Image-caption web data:

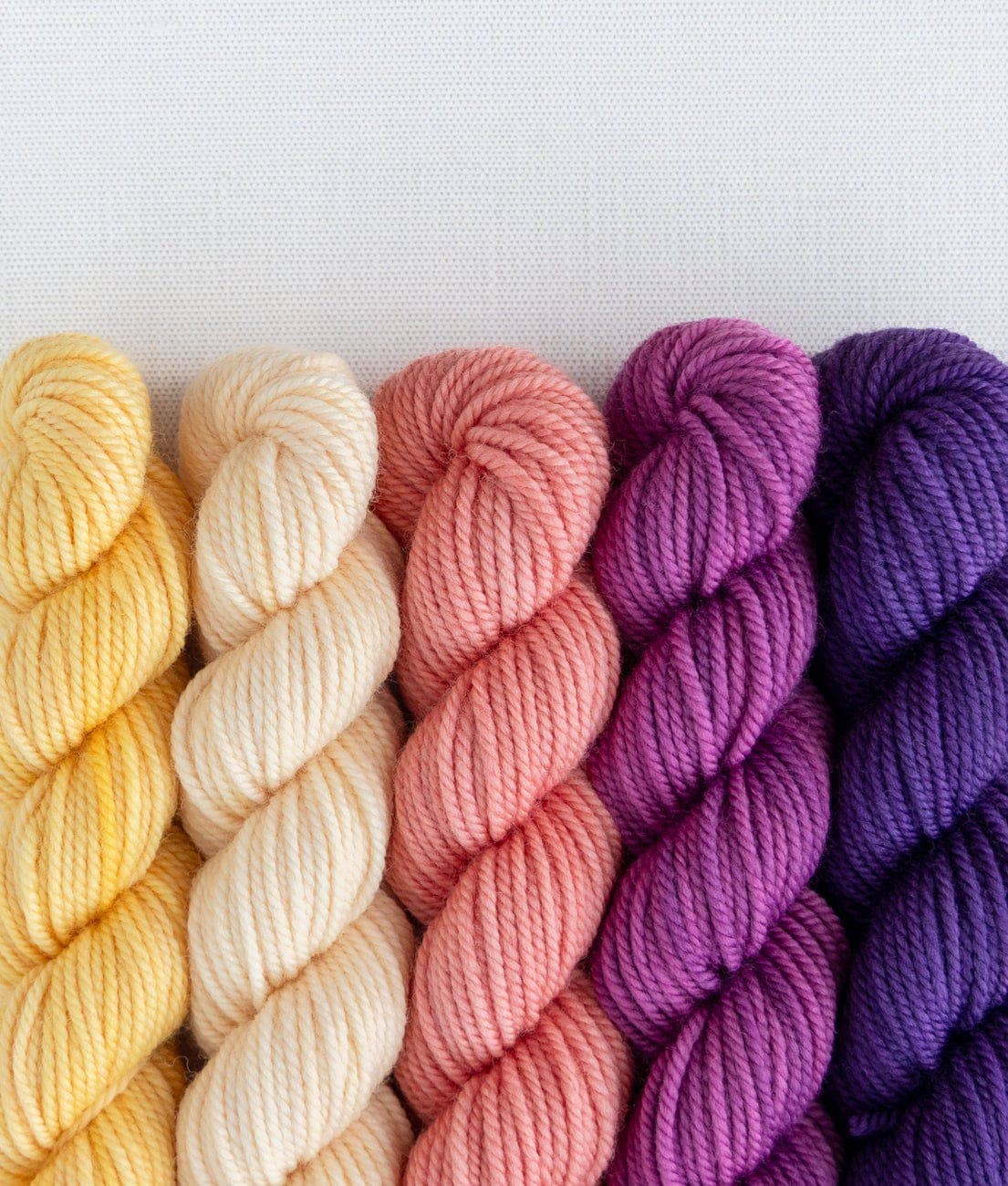 SweetGeorgia Yarns Inc. Party of Five / Superwash DK / Mini-Skein Set Yarn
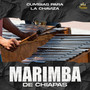 Cumbias Para La Chaviza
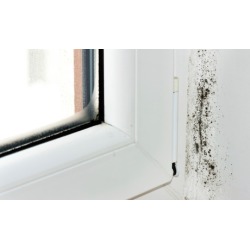 $69 for Mold Inspection with $199 Toward Mold Removal at Ultra Clean Service Corporation ($135 Value)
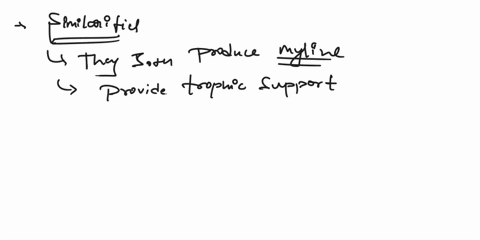 nervous-tissue-1nervous-tissue-neuronsbe-sure-to-identify-the-axondendritesschwann-cells-nodes-of-ranvier-cell-body-and-myelin-sheath-be-sure-to-study-these-fearures-on-the-model-figure-66-n-41294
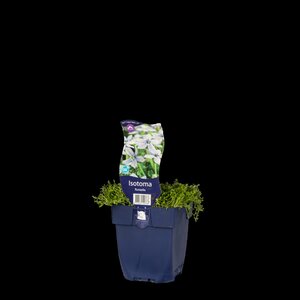 Isotoma fluviatilis, in 11cm-pot - afbeelding 3
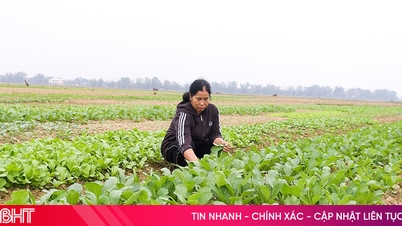 ໝູ່ບ້ານຜັກ Quyet Tien ກຳລັງຄຶກຄື້ນໄປດ້ວຍກິດຈະກຳຕ່າງໆ ເພື່ອກະກຽມຕ້ອນຮັບປີໃໝ່ຈີນ.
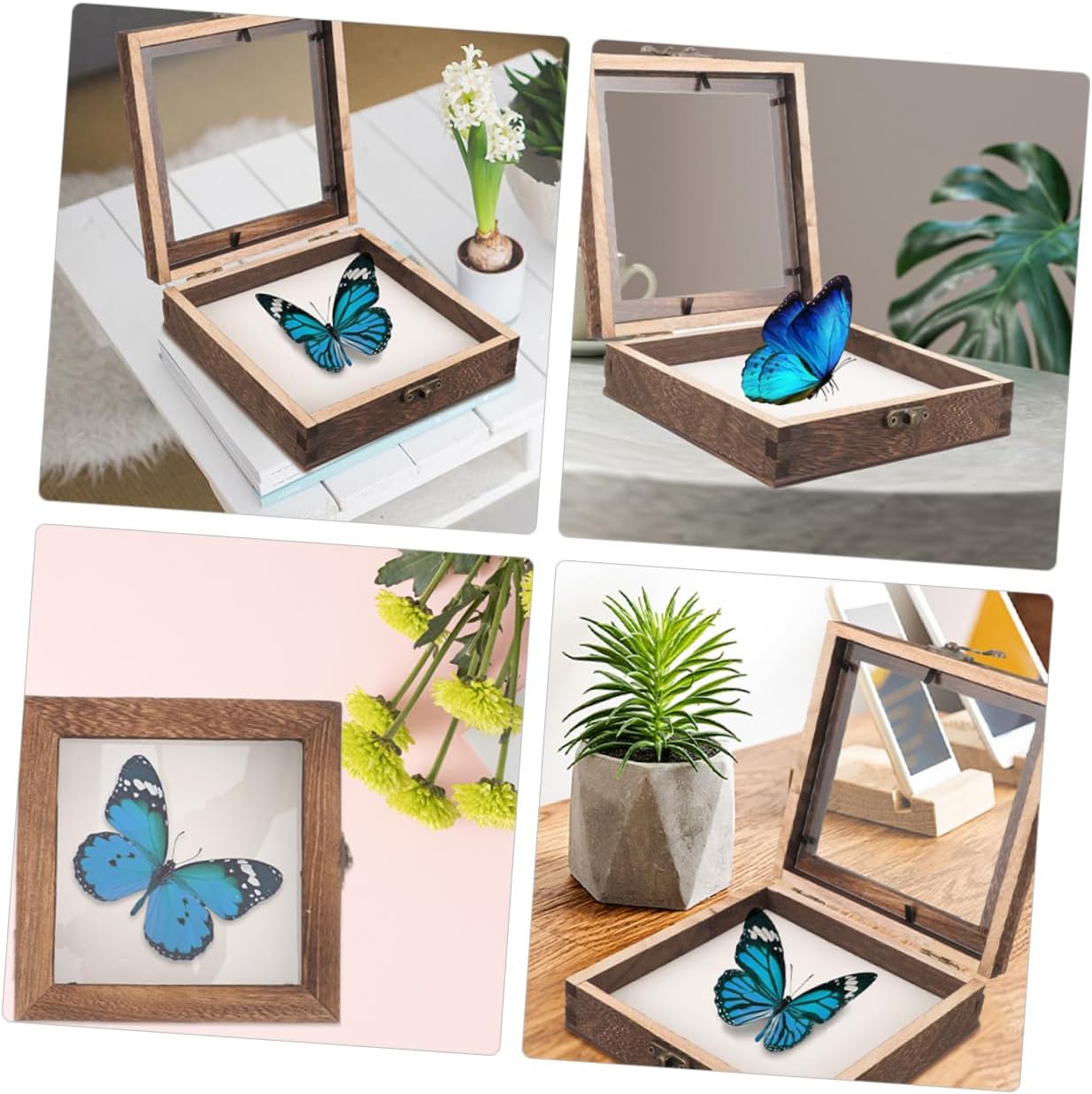 PRETYZOOM 5pcs Wooden Insect Specimen Case Butterflies Shadow Box Display Holder for Collectibles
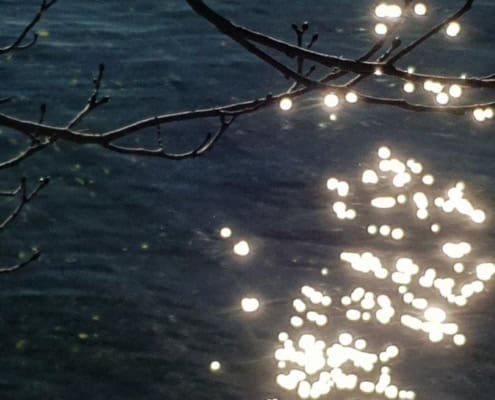 20190218_141909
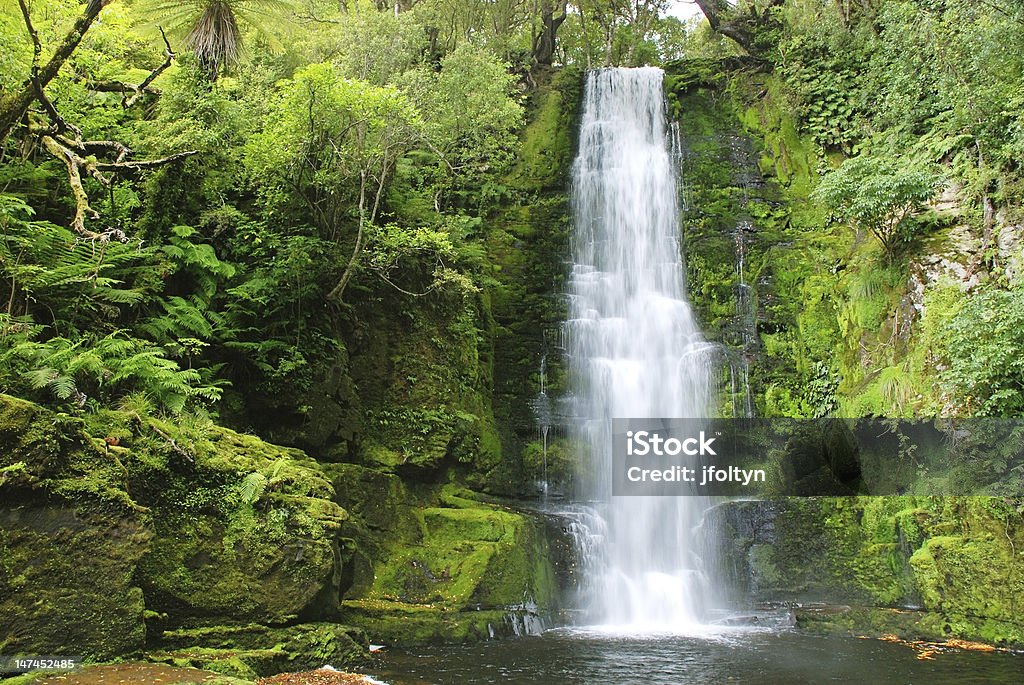 Cachoeira - Foto de stock de Alto - Descrição Geral royalty-free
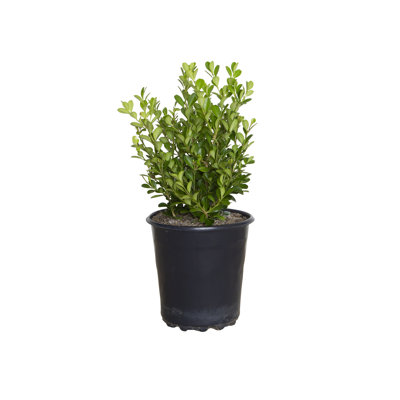 2.5 Qt. Japanese Boxwood - Evergreen Shrub for Full Sun to Part Shade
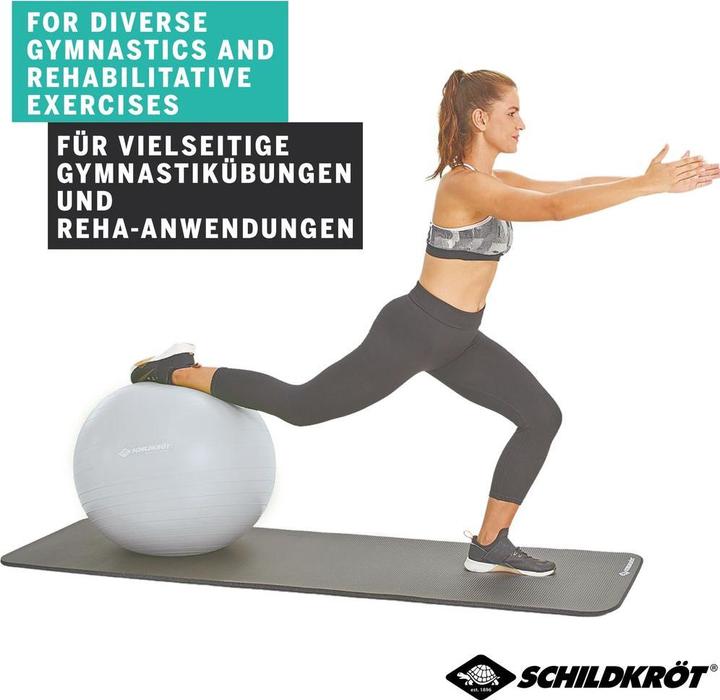 Image du produit Schildkröt Balle de gymnastique (55 cm)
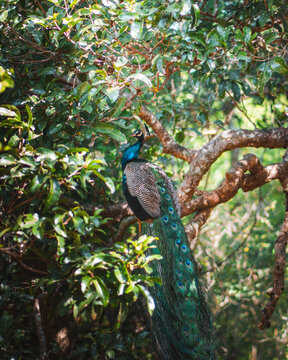 peacock in the trees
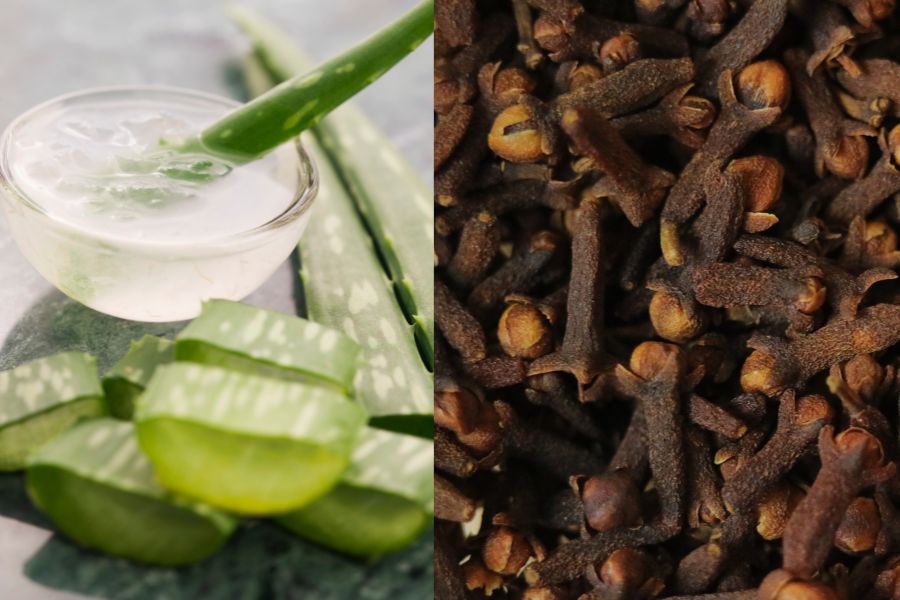 Two familiar herbs to help control uric acid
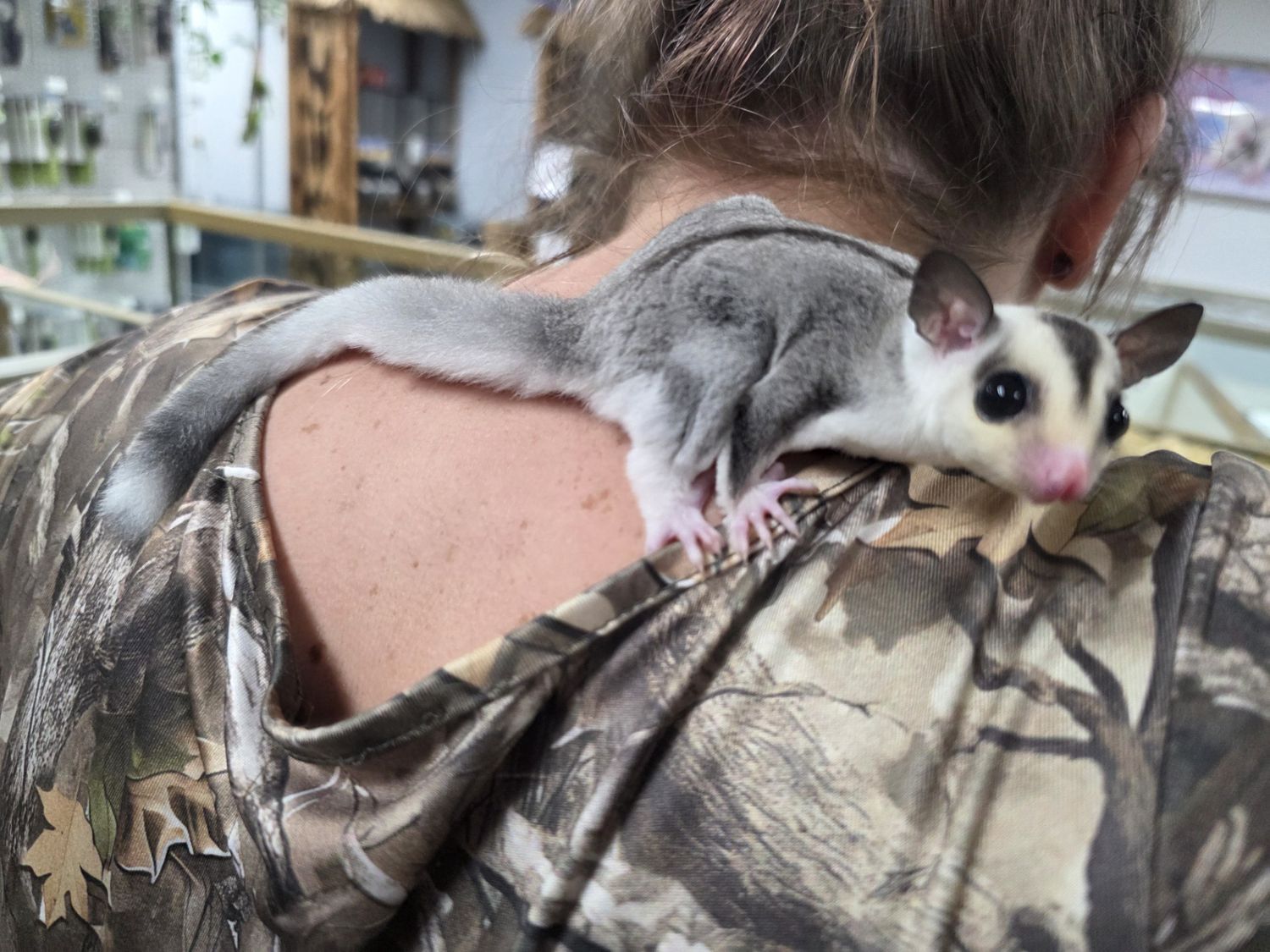 WFB, Ringtail, Sugar Glider, male!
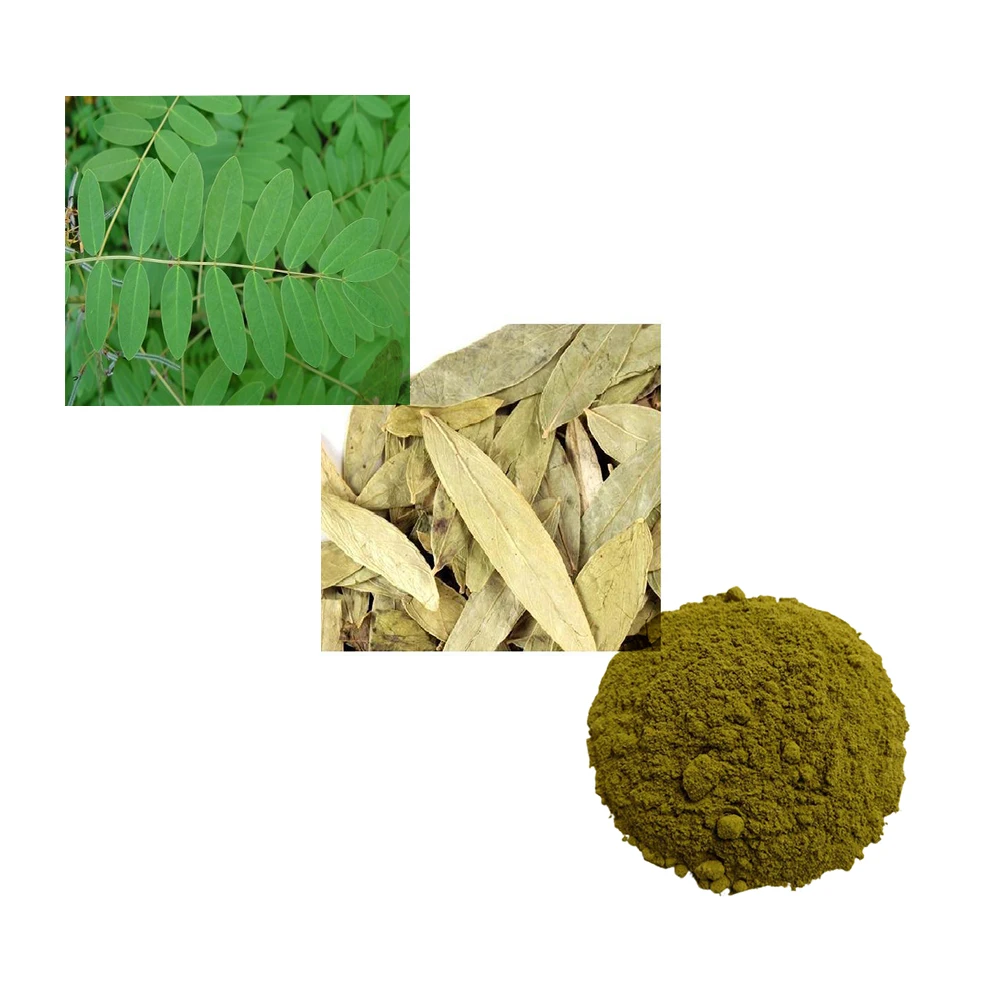 High Quality Raw Herb Senna Leaf Powder Available at Best Price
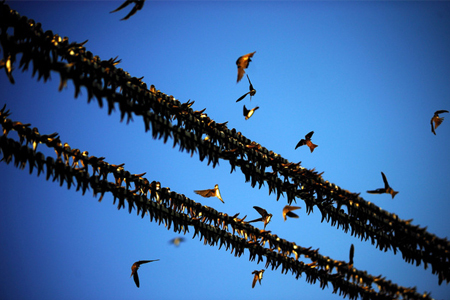 Kép forrása www infokiskunfelegyhaza hu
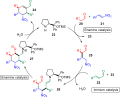 Cascade reaction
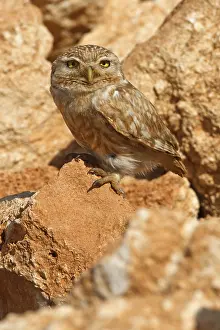 Little Owl, Athene noctua, Cheveche d'Athena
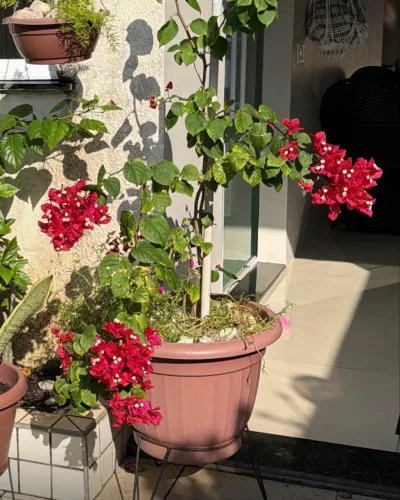 bougainville planta natural com jarro
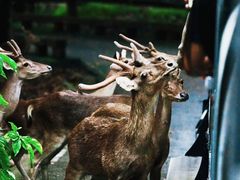 -清迈夜间动物园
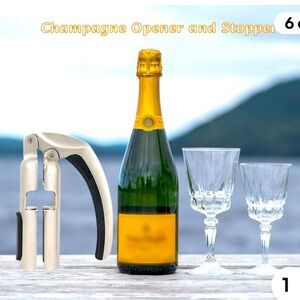 Champagne Bottle Opener, Portable Zinc Alloy Sparkling wine Opener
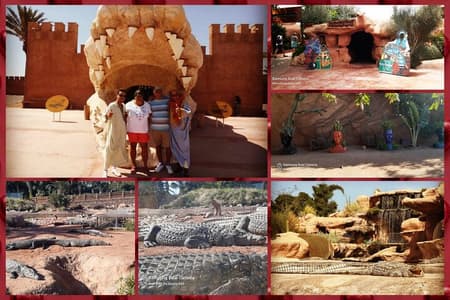 Reis naar Croco Park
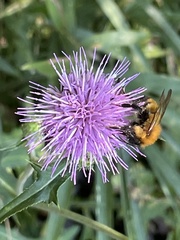 Cirsium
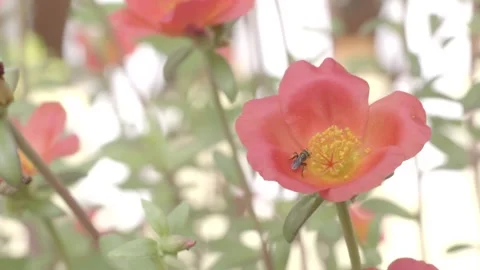 Bees pollinating flowers Video stock 219687371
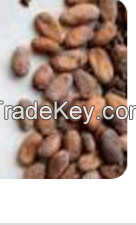 Cocoa beans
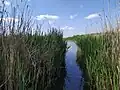 Zaústění Hostavického potoka do rybníka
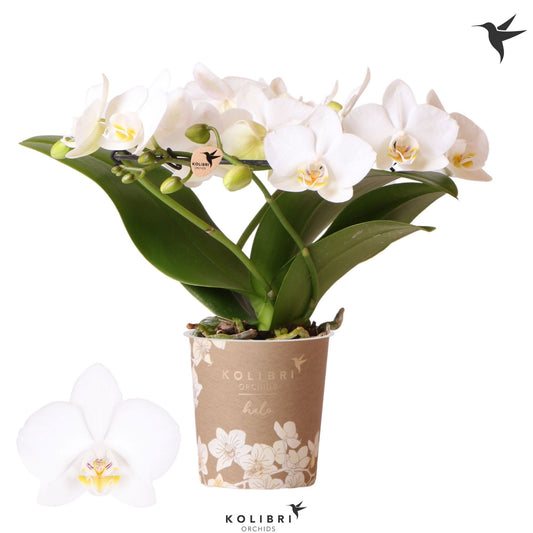 Phalaenopsis white halo 30cm 9cm Pot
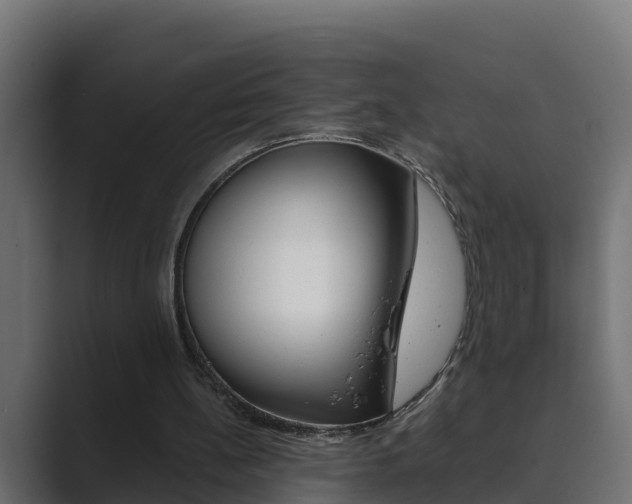 X0000089890148200706281117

Exercise: The output is the records exactly as they read, with no pictures in it.

Answer section:
 SweetGeorgia Yarns Inc. Party of Five / Superwash DK / Mini-Skein Set Yarn
 Cumbias Para La Chaviza
 $69 for Mold Inspection with $199 Toward Mold Removal at Ultra Clean Service Corporation ($135 Value)
 nervous-tissue-1nervous-tissue-neuronsbe-sure-to-identify-the-axondendritesschwann-cells-nodes-of-ranvier-cell-body-and-myelin-sheath-be-sure-to-study-these-fearures-on-the-model-figure-66-n-41294
 Isotoma fluviatilis, in 11cm-pot - afbeelding 3
 ໝູ່ບ້ານຜັກ Quyet Tien ກຳລັງຄຶກຄື້ນໄປດ້ວຍກິດຈະກຳຕ່າງໆ ເພື່ອກະກຽມຕ້ອນຮັບປີໃໝ່ຈີນ.
 PRETYZOOM 5pcs Wooden Insect Specimen Case Butterflies Shadow Box Display Holder for Collectibles
 20190218_141909
 Cachoeira - Foto de stock de Alto - Descrição Geral royalty-free
 2.5 Qt. Japanese Boxwood - Evergreen Shrub for Full Sun to Part Shade
 Image du produit Schildkröt Balle de gymnastique (55 cm)
 peacock in the trees
 Two familiar herbs to help control uric acid
 WFB, Ringtail, Sugar Glider, male!
 High Quality Raw Herb Senna Leaf Powder Available at Best Price
 Kép forrása www infokiskunfelegyhaza hu
 Cascade reaction
 Little Owl, Athene noctua, Cheveche d'Athena
 bougainville planta natural com jarro
 -清迈夜间动物园
 Champagne Bottle Opener, Portable Zinc Alloy Sparkling wine Opener
 Reis naar Croco Park
 Cirsium
 Bees pollinating flowers Video stock 219687371
 Cocoa beans
 Zaústění Hostavického potoka do rybníka
 Phalaenopsis white halo 30cm 9cm Pot
 X0000089890148200706281117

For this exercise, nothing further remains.